SİYASETİN İŞLEYİŞİNİ YENİDEN DÜZENLEMEK ZORUNDAYIZ: Demokratik katılım- Güçlü parlamento- Milli irade ilişkisi, vazgeçilmezdir. Venedik kriterleri ve çağdaş demokratik ilkeler çerçevesinde, siyasi partiler kanunu demokratikleşecektir? Partilerimizin hepsinde uygulanan, “Atıyorum Seni – Seç Beni” modeli kaldırılacaktır. Genel merkeze yönetici atarken, yeterli sayılan iradenin, atananları değiştirirken yok sayılması, kabul edilebilir değildir, değiştirilecektir. Genel merkezin, seçimle gelen hiçbir kademeyi görevden alma yetkisi olmayacaktır. Yargı kararları hariç, seçimle gelen, seçimle gidecektir. Milletvekili ve diğer siyasi mevkilere aday belirlenmesi, üye ve hatta seçmen tercihlerinin etkin olacağı bir şekilde düzenlenecektir. Montesquieu’ya göre, “Kanunların anası, seçim kanunudur.” Açık, şeffaf, demokratik, denetlenebilir bir siyasal partiler ve seçim yasası oluşturma mecburiyeti vardır.

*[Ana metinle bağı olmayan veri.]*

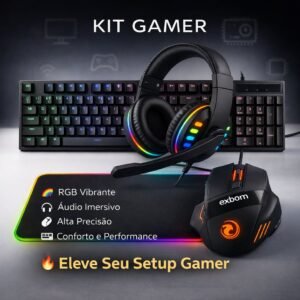 Kit gamer rgb teclado semi mecanico mouse mousepad led headphone fone setup pc completo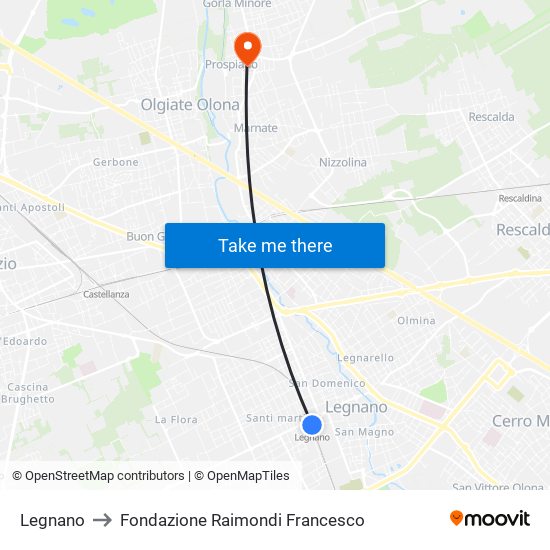 Legnano to Fondazione Raimondi Francesco map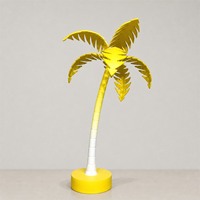Décor de palmier en fibre de verre jaune pour vitrines de magasins et présentoirs de centres commerciaux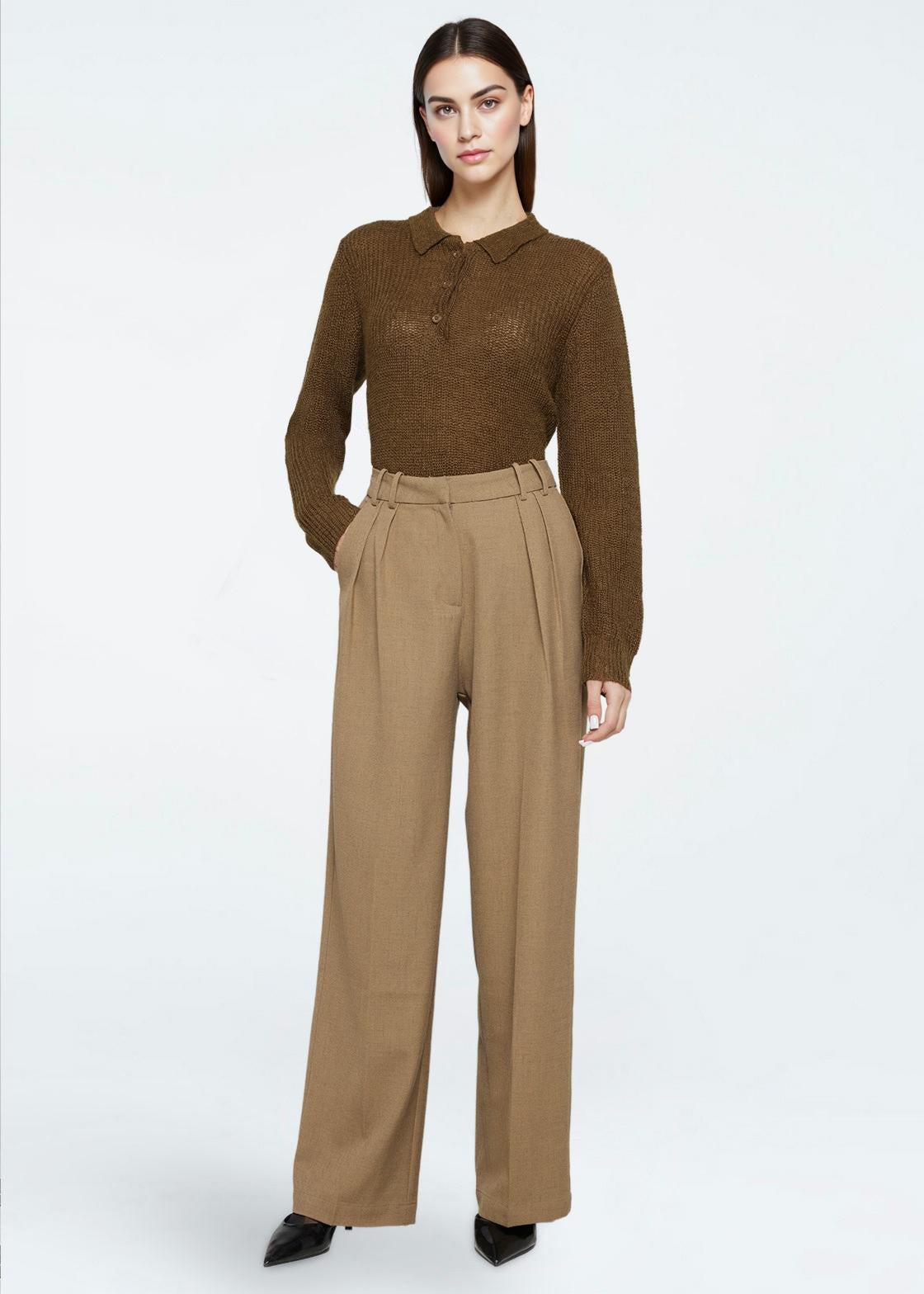 White Smoke מכנסיים ארוכים לנשים Lunay MINIMUM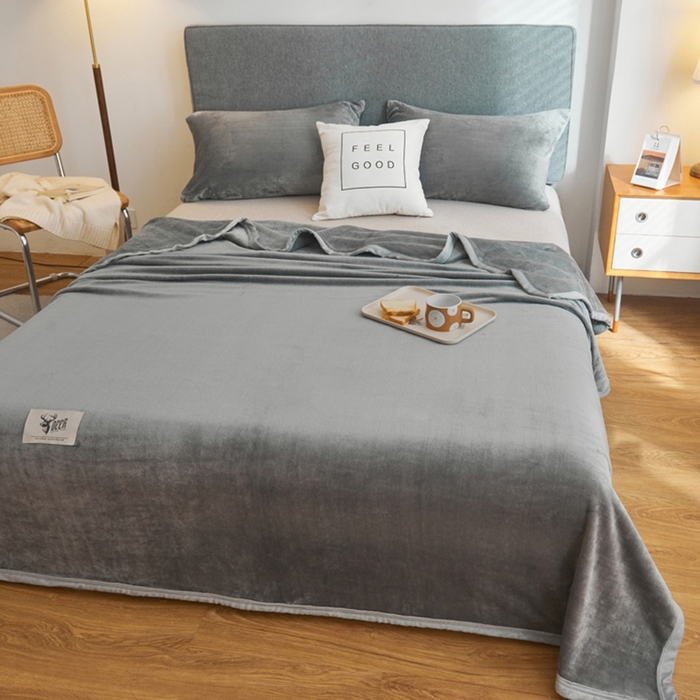 91家纺网 家纺一手货源 找家纺 宅部落 2026新款云貂绒纯色毯子300克毛毯法莱绒盖毯牛奶绒毛毯 深灰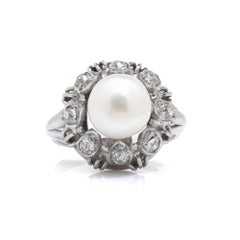 Art Deco 18KT Gold South Sea Cultured Pearl & Diamond Ring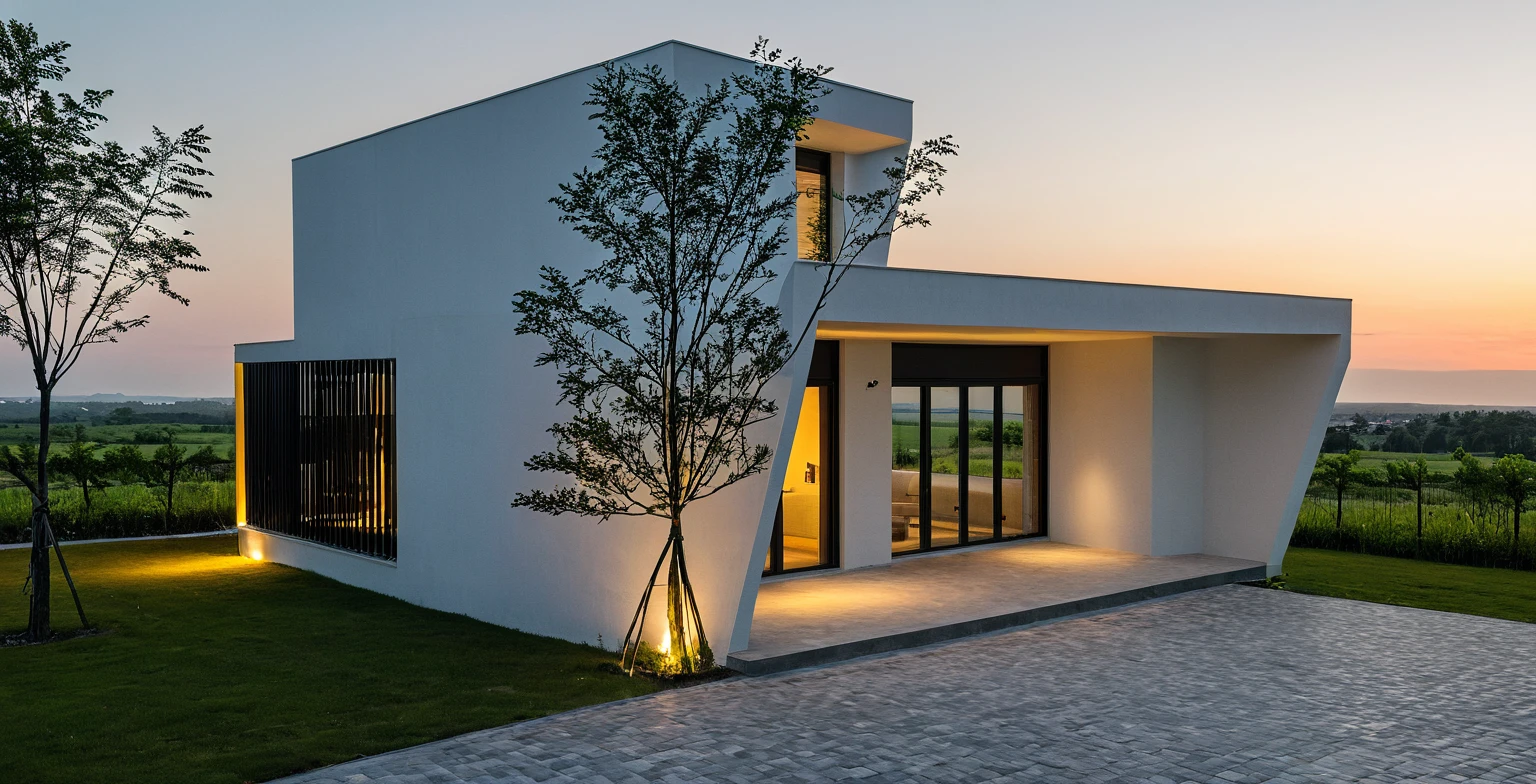 Masterpiece, high quality, best quality, authentic, super detail, outdoors, onestoreyvillaXL, aiaigroup, house style modern, white wall ,pavement, grass, trees, dusk sky, cloud, (daylight:1.1)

Parti kurucularından eski asker Ali Türkşen partililerden büyük ilgi gördü.

GÜVEN YOKSA BACA YÜKSELMEZ: Kamu malının emanet olduğu çoktan unutulmuş, yolsuzluk, adeta dokunulmazlık alanına dahil edilmiştir. Fetva verecek “Besleme fakih” bulmakta da zorluk çekilmemiştir. Yolsuzluk konusunda ahlaki boyut bir tarafa, yolsuzluk atmosferinin yaygın olduğu bir ülkede, ekonomik yatırım yapılabilir mi? Teşebbüs hürriyeti ne kadardır? Sisteme güven kalır mı? Sayın Durmuş Yılmaz, geçenlerde yabancı bir basın mensubunun, “partinizin iktidarında ekonominin patronu siz mi olacaksınız” sorusuna, “Ekonominin patronu güvendir” cevabını verdi. Güven ortamı temin edilirse, yüzde 6-7’lik büyümeye rahat erişilir dedi, oradaydım… Durmuş bey, yüzde 6’dan aşağısını başarısızlık sayarım unutmayın. Güven yoksa fabrika bacası yükselmez, iş yapma arzusu kalmaz.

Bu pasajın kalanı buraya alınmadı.